With smoking, however, about 6% and 4% of those who died and lived were current smokers, which meant there was no significant difference. Similarly, the number of ex-smokers and non-smokers was almost identical in the two groups.

What does this study mean for people exposed to COVID-19?

Italy has the second highest number of deaths from COVID-19 in the European Union (EU). However, in this retrospective study, only 5% of the patients were current smokers, although the prevalence of the smoking population was 24% in Italy. This finding is therefore consistent with previous studies in China and the United States.

The study did not include asymptomatic patients by conception, and therefore the conclusion should be limited to only hospitalized or symptomatic cases of COVID-19.

Researchers say, “The current study suggests that smokers may wear some type of protective mechanism against symptomatic SARS-CoV-2 infection.” However, as scientists warn, carefully designed controlled studies alone can validate this impression.

The mechanism underlying the low prevalence of smoking in this population of hospitalized COVID-19 patients is currently purely speculative. It can be argued, for example, that exposure to smoke suppresses immune responses, which contributes to low systemic inflammation compared to non-smokers.
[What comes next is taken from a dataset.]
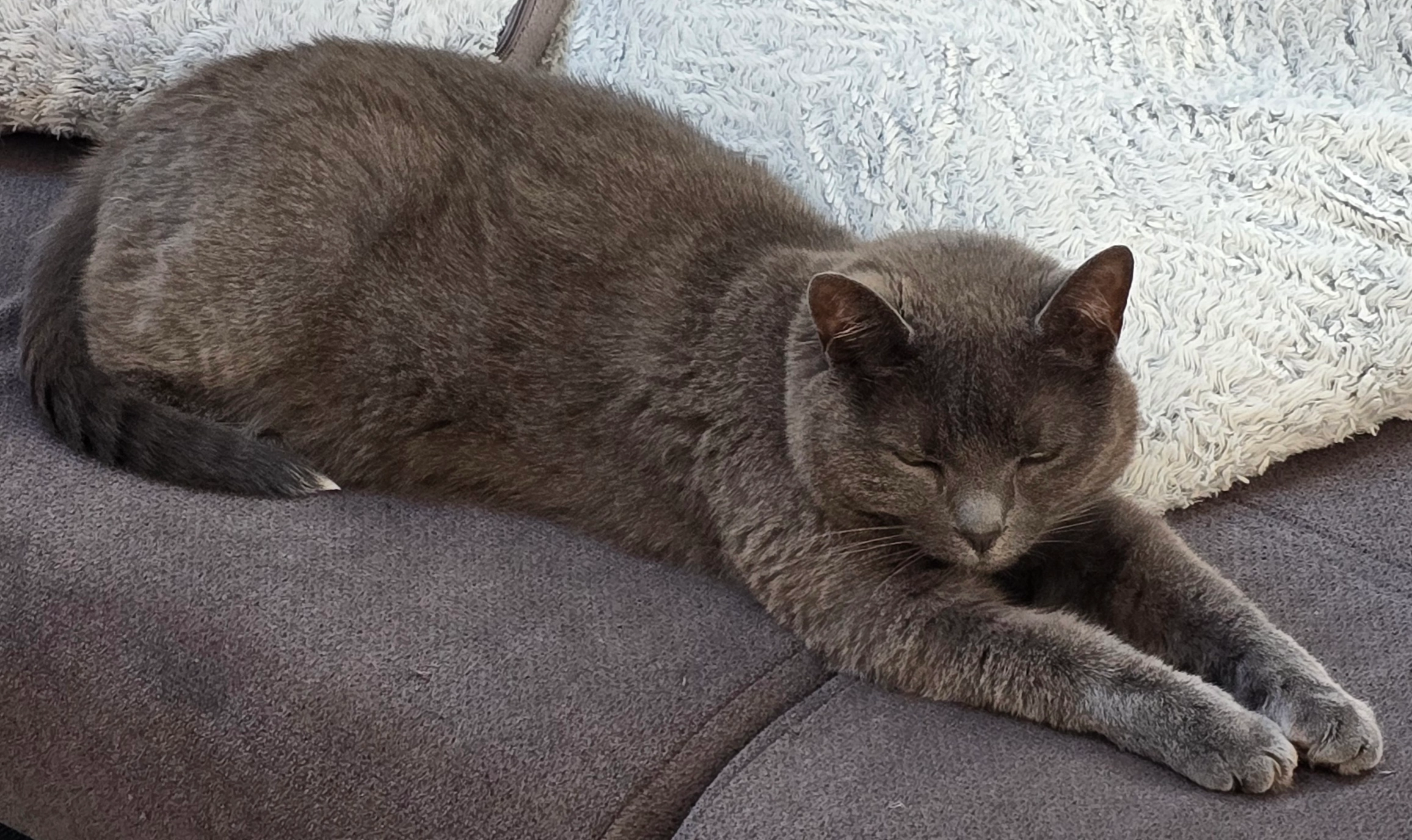 Moumoune  - D 2649, Wargnies-le-Petit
By modulating the normal intensity and spectrum of the immune system to the virus, due to a “continuous inflammatory insult”, the cytokine storm may be less likely to occur in COVID-19 patients, making them less prone serious or symptomatic illnesses.

The importance of confirming a protective role of smoking in this pandemic is that, according to the researchers, “this could help to unravel the underlying molecular mechanism predisposing to infection by SARS-CoV-2, then also potentially exploitable by newly designed targeted protective drugs. “

*Important Notice

medRxiv publishes preliminary scientific reports which are not peer reviewed and therefore should not be considered conclusive, guide clinical practice / health related behaviors, or treated as established information.